Following a 12-week treatment with cabergoline, approximately 88% of the patients achieved normal serum PRL levels, consistent with the findings of previous studies [3,14,25,26]. Similarly, approximately 60% of the patients experienced a greater than 50% decrease in adenoma size, while 40% exhibited a less than 50% decrease. A retrospective study by Berinder et al. reported a 71% rate of serum PRL level normalization and 80% showed either total or partial tumor shrinkage [26]. In the present study, significant improvements in weight and lipid and HbA1c levels were observed after a 12-week follow-up period. These findings align with the similar improvements in metabolic parameters reported by Berinder et al. [39] and Pala et al. [40]. Furthermore, Santos-Silva et al. reported that after six months of treatment with DA, serum PRL levels normalized, although no significant difference in BMI was observed. However, this study demonstrated a noteworthy decrease in the IR index, glucose levels, LDL cholesterol, and triglyceride levels [9].
Limitations
While this study provides valuable insights into the clinical and metabolic differences between male and female prolactinoma patients, there are some limitations that should be acknowledged. First, the sample size was relatively small, which may limit the generalizability of the findings to a larger population. Furthermore, the study primarily relied on clinical and laboratory data, without considering other potential factors that may influence metabolic parameters, such as lifestyle, diet, and physical activity. Incorporating these factors into the analysis would provide a more comprehensive understanding of observed metabolic differences. Lastly, the study did not explore the underlying mechanisms behind the observed sex differences in tumor behavior and metabolic abnormalities. Future research should investigate the specific pathways and hormonal influences that contribute to these disparities.
Conclusions
Most prolactinoma patients were females. Male prolactinoma patients tend to have larger tumors and higher serum PRL levels than female patients. Additionally, males exhibited worse metabolic parameters than females. However, there were no significant differences in the duration of symptoms or age at diagnosis between the two sexes.

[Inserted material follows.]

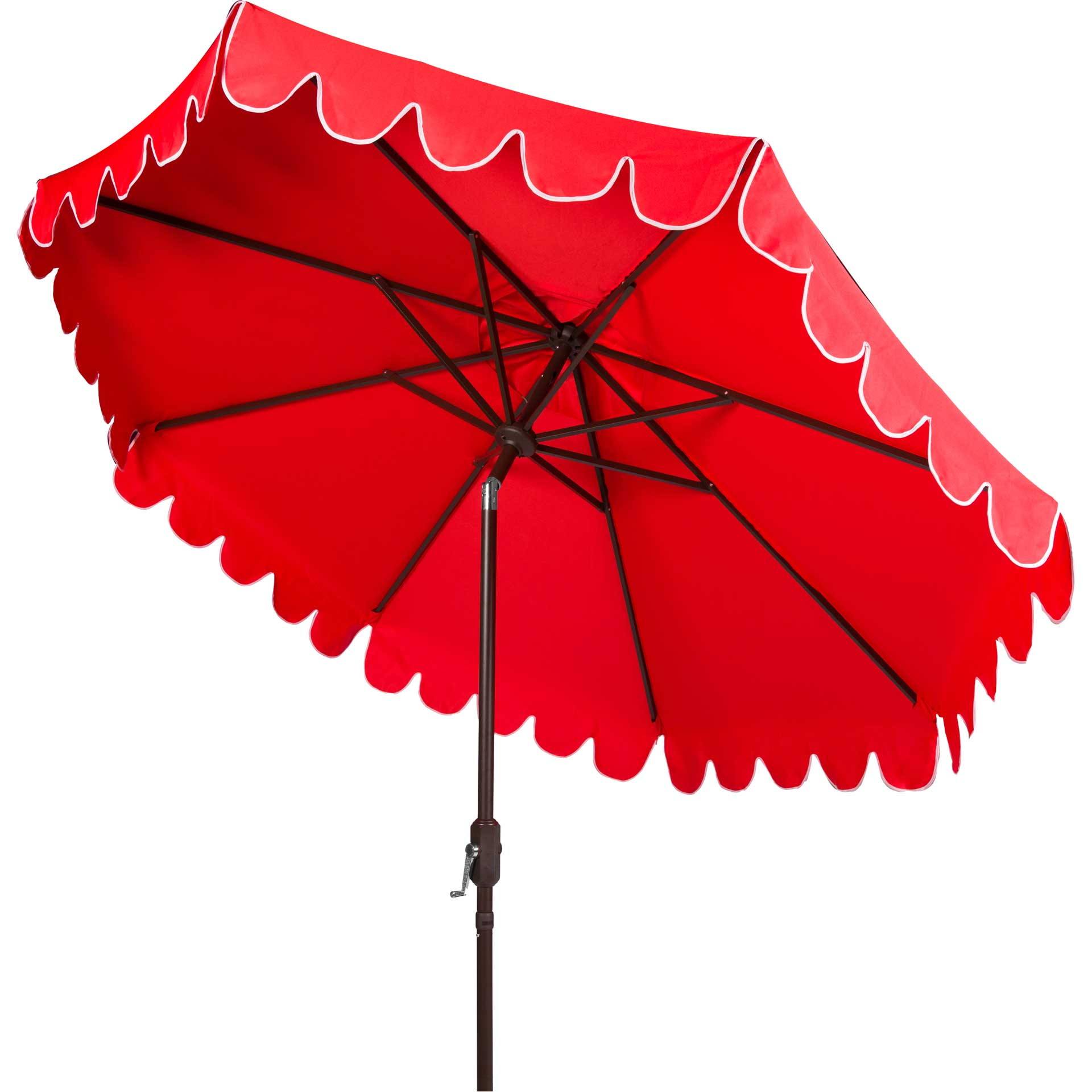 Vela Single Scallop Push Button Tilt Umbrella Red/White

The authors have declared that no competing interests exist.
Human Ethics
Consent was obtained or waived by all participants in this study. Institutional Ethics Committee, Sher-I-Kashmir Institute of Medical Sciences, Government of Jammu and Kashmir, Srinagar issued approval IEC/SKIMS PROTOCOL # RP 14/2019
Animal Ethics
Animal subjects: All authors have confirmed that this study did not involve animal subjects or tissue.